Today in Part 2, here are tidbits about my GMax modeling a Blériot 125 for Microsoft Flight Simulator. This project had plenty of documentation and, yet, some good puzzles.
Populating the Cabins. What with the aeroplane’s seating six passengers in each of its twin pods, I had a wizard idea of populating the cabins with individuals from some of my earlier GMax projects.
My first choice was Adrienne Bolland—Queen of the Andes. I rendered her Caudron G.3 with her wearing her flowery pajamas. She keeps the flowery outfit in her Blériot 125 First Class seating, Left Cabin 1A.
Next on my proposed list of passengers were two crew members of the Tupolev ANT-25, the Soviet aircraft that may have flown Moscow to the American West Coast. (Or maybe a pair of the planes tag-teamed the achievement, with one taken by ship to an intermediate point?).
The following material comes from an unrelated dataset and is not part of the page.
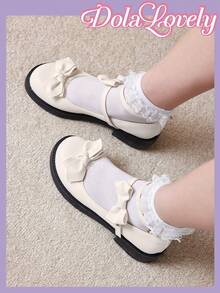 Dola Lovely Của phụ nữ Giày đế bệt Với Nơ Đồ trang trí - trắng - Xem 7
I had had good fun with these crew members in the Tupolev: The navigator carried an articulated sextant. When the aft canopy was raised, the other guy stood to attention and flourished a CCCP flag.
Wouldn’t it be fun to have them performing such antics in a Blériot 125 cabin? And then add another nine folks in tweeds and elegant attire.
I tested Adrienne and the flag guy successfully with less than the full model. Alas, including everything exceeded the limit of GMax rendering, a problem encountered only once before with the complex 14-cylinder rotary engine of the Blériot limousine.
I compromised by giving Adrienne the Tupolev’s sextant, albeit in non-articulated form. She’s double-checking the Blériot 125’s navigator.
The pencil in the navigator’s hand follows the La Manche route followed by Louis back in 1908. This animation uses GMax “Tick18” coding, intended for repeating objects such as beacons, but useful here too. By the way, my pilot is modeled after Louis Blériot, though, in fact, by the early 1930s he no longer piloted aircraft.
What About That Coulir d’Aile? As noted yesterday, a detailed cutaway of the Blériot identified an Echelle d’accès au coulir d’aile, an Access ladder to the wing corridor.
A website discussion on odd aircraft posed the question about such an access. Was it essentially a crawl space for maintenance? Or did crew and passengers use it for passage among the twin cabins and central flight deck?
Using M. Blériot’s height as a metric, I believe it’s a maintenance corridor. What’s more, could I imagine Adrienne climbing an Echelle situated next to the cabin conveniences? Zut alors!
Indeed, the cutaway also listed an access hatch in the floor of the flight deck. But access to what? A crawl space?
No, I concluded my Blériot crew come aboard through the hatch by climbing a ladder that elongates almost to ground level. I modeled the size of the hatch and ladder by putting my prototypical pilot through the exercise. He seemed not to complain.